Berlin verliert die Hälfte seiner Sozialwohnungen

Künftig wird es in Berlin nur noch 120.000 Wohnungen für Geringverdiener geben. Die CDU kritisiert diese Entwicklung, Rot-Rot hingegen sieht keinen Handlungsbedarf.

Die Zahl der Sozialwohnungen in Berlin wird sich in wenigen Jahren fast halbieren. Von knapp 200.000 Wohnungen, in denen der Senat theoretisch einkommensschwache Bürger mit Belegungsrechten bevorzugt unterbringen kann, werden 2020 nach einer Prognose der Senatsverwaltung für Stadtentwicklung nur noch 120.000 übrig sein.

Im Hause der Senatorin Ingeborg Junge-Reyer (SPD) hält man das für unproblematisch. CDU, Grüne und der SPD-Regierungspartner von der Linken mahnen hingegen dringend, wieder mehr Wohnungen für sozial schwächere Mieter zu sichern. „Wir müssen die Belegungsrechte ausweiten“, sagte der wohnungspolitische Sprecher der CDU, Matthias Brauner. Wer die Verdrängung ärmerer Mieter aus der Innenstadt verhindern wolle, dürfe nicht wie Junge-Reyer „in großem Umfang Belegungsrechte aufgeben“, findet auch der Wohnungsexperte der Linken, Uwe Doering.

Die Senatsverwaltung sieht dafür jedoch keinen Bedarf. Man habe das Steuerungsinstrument nicht aus der Hand gegeben und sei „in der Lage, auf Bedarf zu reagieren“, sagte der Behördensprecher Matthias Gille. Man beobachte zwar in einzelnen Bereichen der Hauptstadt eine „gedrängtere Situation“ auf dem Wohnungsmarkt. „Stadtweit gibt es aber keine Wohnungsnot.“

Die Beamten der Stadtentwicklungsverwaltung sehen sich durch die stark gesunkene Nachfrage nach Wohnberechtigungsscheinen (WBS) in ihrer Einschätzung bestätigt. Mit dem WBS erwerben einkommensschwache Bürger das Recht, eine Sozialwohnung zu beziehen. Die Grenzen der Nettoeinkommen liegen bei 16.800 Euro im Jahr für Singles, 25.200 Euro für Paare, plus 5700 Euro für jede weitere Person im Haushalt.
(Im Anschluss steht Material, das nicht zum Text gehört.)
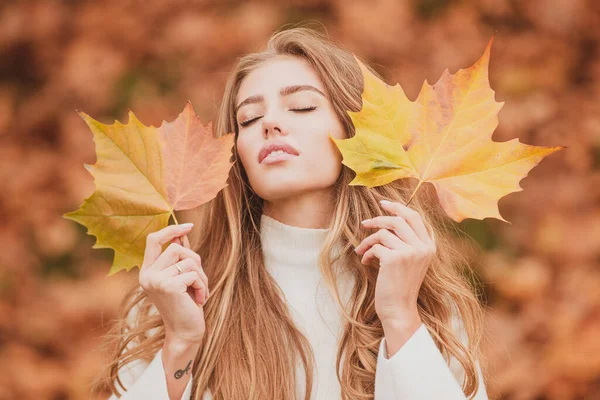Menina beleza ao ar livre desfrutando da natureza. Bonito outono modelo feminino detém uma folha amarela perto do rosto. Retrato de moda mulher esconde seu rosto amarelo folhas de bordo. Folhas caindo e conceito de pessoas. — Fotografia de Stock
Obwohl laut Senatsverwaltung 60 Prozent der Berliner Haushalte WBS-berechtigt wären, haben die Ämter 2010 nur 14.000 der ein Jahr gültigen Scheine ausgegeben. 2001 waren es noch 56.000. Das sei ein Beleg, dass der Wohnungsmarkt weiter relativ entspannt ist, heißt es in der Senatsverwaltung.
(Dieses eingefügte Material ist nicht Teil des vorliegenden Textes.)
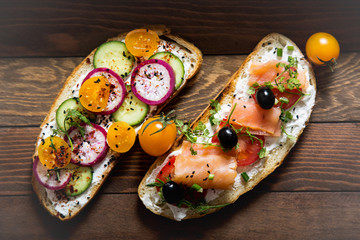 Healthy and tasty toast bread with tomato, radish, salmon fish and cheese on it.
Von den knapp 200.000 noch vorhandenen Sozialwohnungen gehören die meisten nicht den städtischen Wohnungsbaugesellschaften, sondern Fonds oder Genossenschaften. Die Eigentümer zahlen im Laufe der Jahre ihre beim Bau erhaltenen Fördermittel zurück, danach können sie die Wohnungen frei vermieten. Schon heute verzichtet Berlin jedoch bei 120.000 dieser Wohnungen darauf, Belegungsrechte geltend zu machen. Ziel ist es, dass auch einkommensstärkere Mieter in die Häuser einziehen können und keine Sozialghettos entstehen. Insofern seien die 80.000 heute real für WBS-Inhaber bereitstehenden Wohnungen auch in zehn Jahren noch vorhanden, der Rückgang der Sozialwohnungen ändere also nichts an den Möglichkeiten, ärmere Bürger unterzubringen, so die Behörde. Der Linke-Politiker Doering sieht das kritisch: „Was passiert, wenn die Belegungsrechte abgegeben sind?“, fragte Doering.

CDU-Experte Brauner mahnte, angesichts der steigenden Zahl von Haushalten in Berlin brauche die Stadt neben Wohnungsneubau auch neue Sozialwohnungen. Der Senat sollte Eigentümern von geförderten Gebäuden, die ihre Fördermittel vorzeitig zurückzahlen, Rabatte einräumen und sich dafür Belegungsrechte für weitere Jahre sichern.